ITL is set on achieving impact at scale. To do that we use a Participatory Market Systems Development (PMSD) approach, working across whole market systems to ensure they are sustainable and demand-driven. We act as a facilitator and relationship broker with multiple stakeholders – from farmers to buyers to processors to traders and policymakers.
We support developing enterprises through market analysis, creating plans for technical assistance and forming business plans. This process helps prepare enterprises for accessing and managing loan finance and technical assistance – through ITL’s Incubator Fund, investment through our impact investment platform Access to Capital for Rural Enterprises (ACRE), or outside financing.
ITL has enabled us to explore and develop responses to climate change, so that smallholders are better positioned to face change. In Nicaragua, for example, ITL has funded a climate-resilient supply chain programme. Farmers have been helped to diversity their crops and to shift to more resilient crops in response to the hotter climates.
We use power analysis to understand and identify the opportunities for changing power dynamics in favour of poor and marginalised women and men and to identify where and how exclusion and inequality have developed based on gender.
A viable Hibiscus market in Nicaragua
The Hibiscus Cooperative is now receiving pre-investment technical support through the ACRE programme, including branding support, so that it can present its business plan to external investors and secure finance for its next stage of growth.
Currently the co-operative sells dried petals, juice and wine to 32 Walmart supermarkets in Nicaragua, and supplies hibiscus to a local supermarket chain with approximately 50 stores and to another mini-mart chain that has 12% of the market share. The co-op is also producing hibiscus oil to supply the French cosmetics industry. Oil raises $17 per kilo compared to $4.4 per kilo for dried hibiscus.

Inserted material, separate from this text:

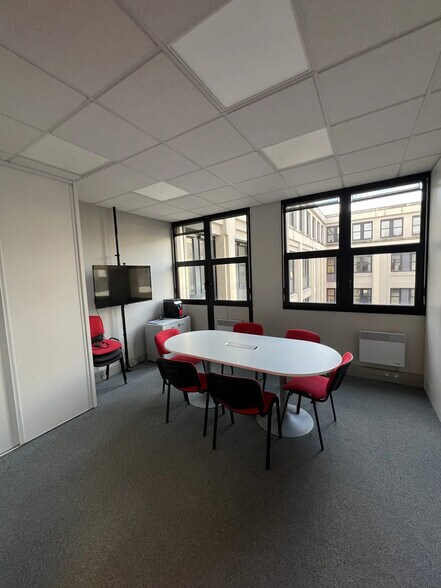 1 Boulevard Salvador Allende, Nantes for lease - Interior Photo - Image 1 of 7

Developing the speciality coffee market in Burundi
Coffee exports accounted for around 75% of Burundi’s total income between 1996 and 2000. ITL is supporting improved quality and yields, making cooperatives viable businesses and opening up lucrative internal and external markets. Three international coffee contracts were signed during the year – with Zensho, Green Mountain and Royal.
In this first year of the ITL coffee project, 9,292 women and men smallholder coffee farmers saw a combined increase in production of more than 225%.

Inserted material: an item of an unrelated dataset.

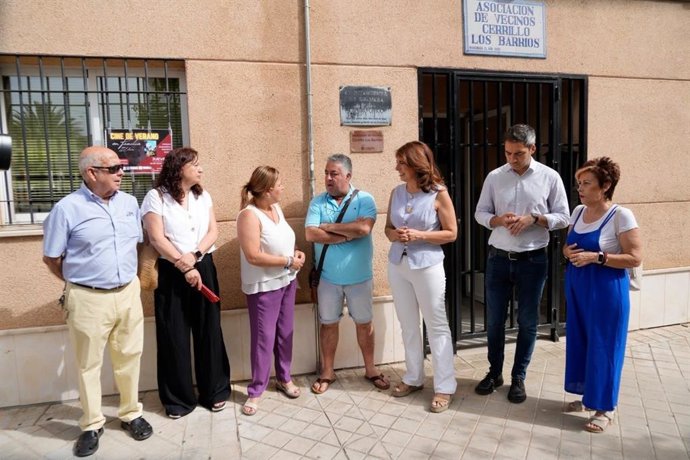 La portavoz del PSOE en el Ayuntamiento de Granada, Raquel Ruz, junto a vecinos del Cerrillo de Maracena.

In 2015, a women’s coffee brand named ‘Horamama’ was launched. The first container-load was sold in Japan in December 2014. Women now participate in the whole value chain – producing, processing and accessing markets without any middlemen.

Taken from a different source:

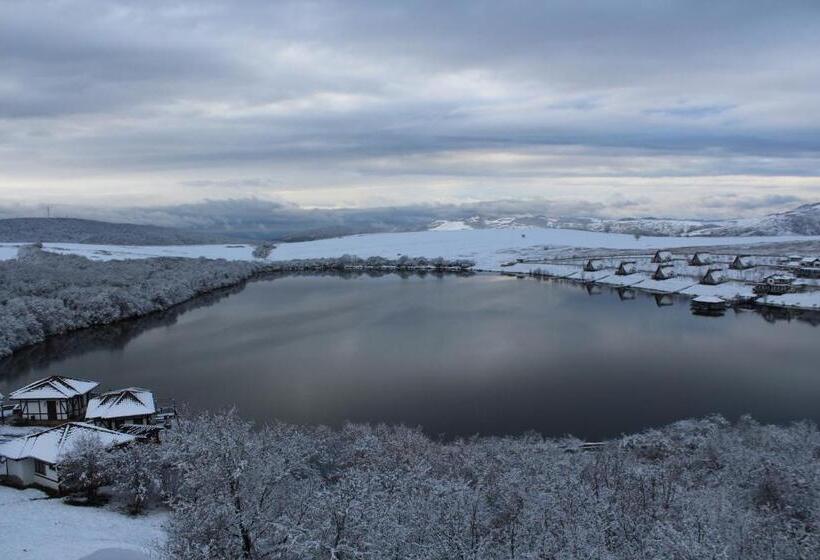 هتل Sakit Gol Silent Lake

ITL seed funding has enabled Christian Aid to pilot cookstoves projects in Ethiopia, Mali, Malawi and Nigeria. The project works with local manufacturers of improved cook stoves (ICS) to expand and improve the production and marketing of stoves and make them more efficient. ICS use 50% less fuel and emit less smoke benefiting communities hugely.
Our climate mapping and future-scenario planning in response to climate change in Central America has helped us to secure additional donor funding worth $2.3 million from the Inter-American Development Bank.
Similarly,the success of ITL’s project in the Middle East, to break down barriers to employment for Palestinian refugee women in Lebanon and the occupied Palestinian territory led to a €1.5m grant from the EU to continue the work.
The project has allowed 2,907 women to receive training and enter professions that included accounting, marketing and hairdressing.